Matthieu : Tu es actuellement en Norvège, comment est la météo là-bas ? Et comment influence-t-elle ta préparation pour un climat comme nous avons ici à Monaco ?
Karsten : Il fait relativement beau en Norvège. Il commence seulement à pleuvoir. J’espère malgré tout qu’il fera chaud à Monaco pour le meeting.
M : Ça devrait être le cas.
K : Comment est le vent là-bas ?
M : On n’a pas de vent ici, c’est pour cette raison que les courses de sprint ne sont pas excellentes en termes de chrono.
K : C’est parfait pour le 400m H dans ce cas.
M : En effet. Comment t’es-tu senti lorsque tu as su que Monaco organiserait un 400m haies ?
K : Pour être honnête, j’ai toujours voulu courir à Monaco pour la piste. Je connais des athlètes qui ont couru vite là-bas déjà et je m’y suis déjà entrainé. C’est un beau stade et je sais que je suis capable d’y courir plus vite que jamais.
M : Es-tu en forme ?
K : En Norvège, on a pu s’entrainer vraiment bien, donc je suis en forme, oui. J’espérais avoir une chance de me tester, donc lorsqu’une opportunité s’est présentée avec Monaco, c’était super.
M : Comment t’es-tu entrainé pendant le confinement ?
K : On a un petit groupe d’entrainement. C’est juste Amalie Iuel, Elisabeth Slettum, Leif (son coach) et moi-même. Il y a eu quelques semaines pendant lesquelles on a eu quelques problèmes au niveau des infrastructures. Sinon, on a également pu s’entrainer dehors. La Norvège a commencé à réouvrir nos lieux d’entrainement rapidement, et quand les Bislett Games ont annoncé qu’ils accueilleraient les « Impossible Games », ils ont également ouvert la piste du stade pour nous.

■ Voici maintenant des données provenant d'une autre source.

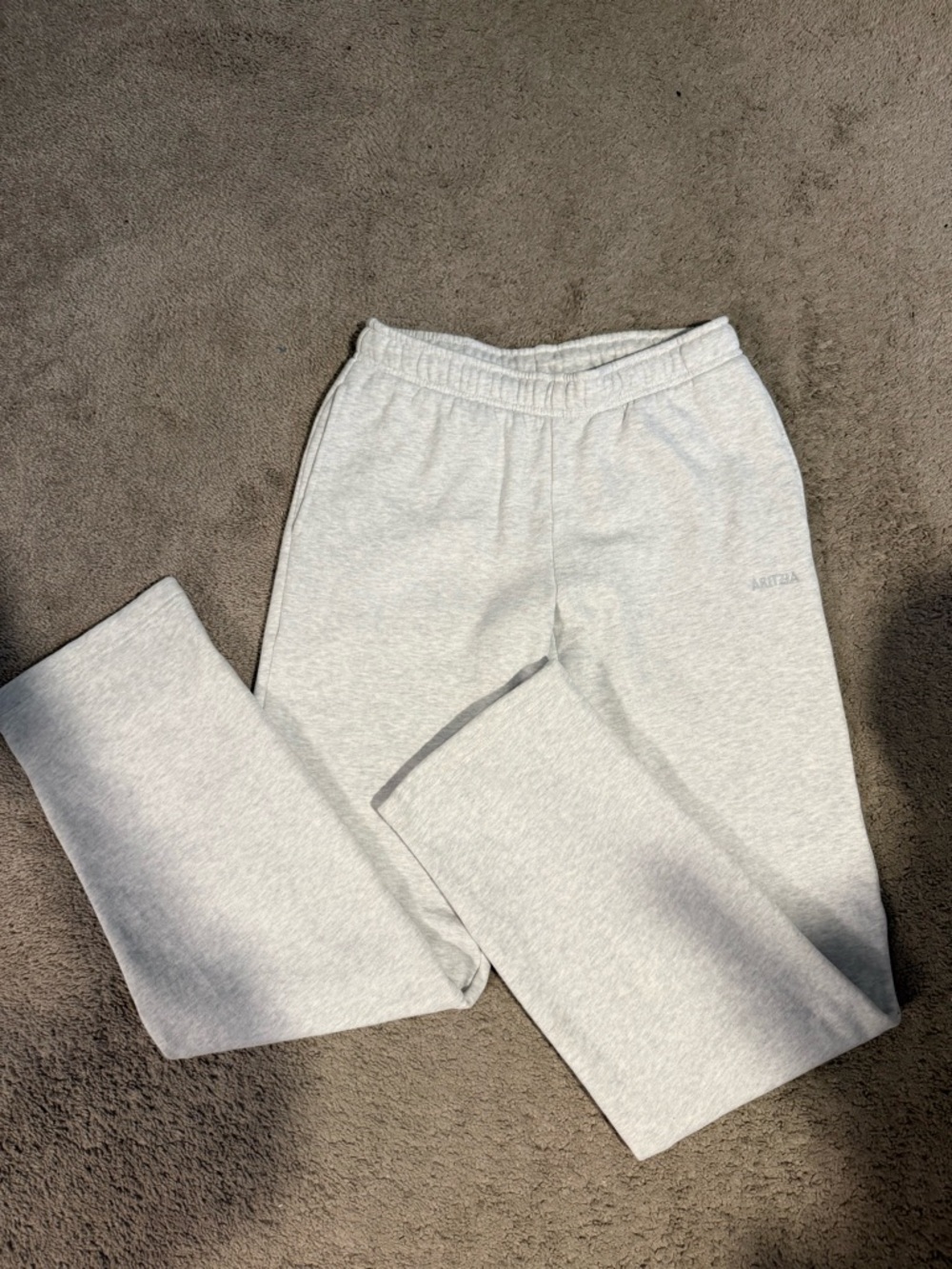 Aritzia Perfect Fit Straight Leg Sweatpant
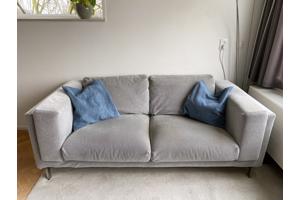 Grijze Nockeby bank in goede staat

A vrai dire, j’ai pu m’entrainer davantage que pour une saison normale. D’habitude, je serais en période de compétition. C’est ce qui rend tout ça intéressant, pour voir si c’est une bonne ou mauvaise chose lorsqu’on sera proche du meeting (Monaco) en août.
M : Est-ce que cela pourrait changer la manière dont tu appréhendes ta préparation future ?
K : Pour moi, ça a été une opportunité. J’essaye de penser que mon objectif est de toujours être meilleur. Bien sûr, il faut participer à des compétitions pour devenir meilleur, mais je crois aussi que l’entrainement est la chose la plus précieuse lorsqu’il est question d’accéder à un niveau supérieur. Pour nous, l’objectif a toujours été de repousser les limites. Je pense que je pourrais me concentrer davantage sur les quelques compétitions auxquelles je participe, en continuant de m’entrainer entre ces compétitions.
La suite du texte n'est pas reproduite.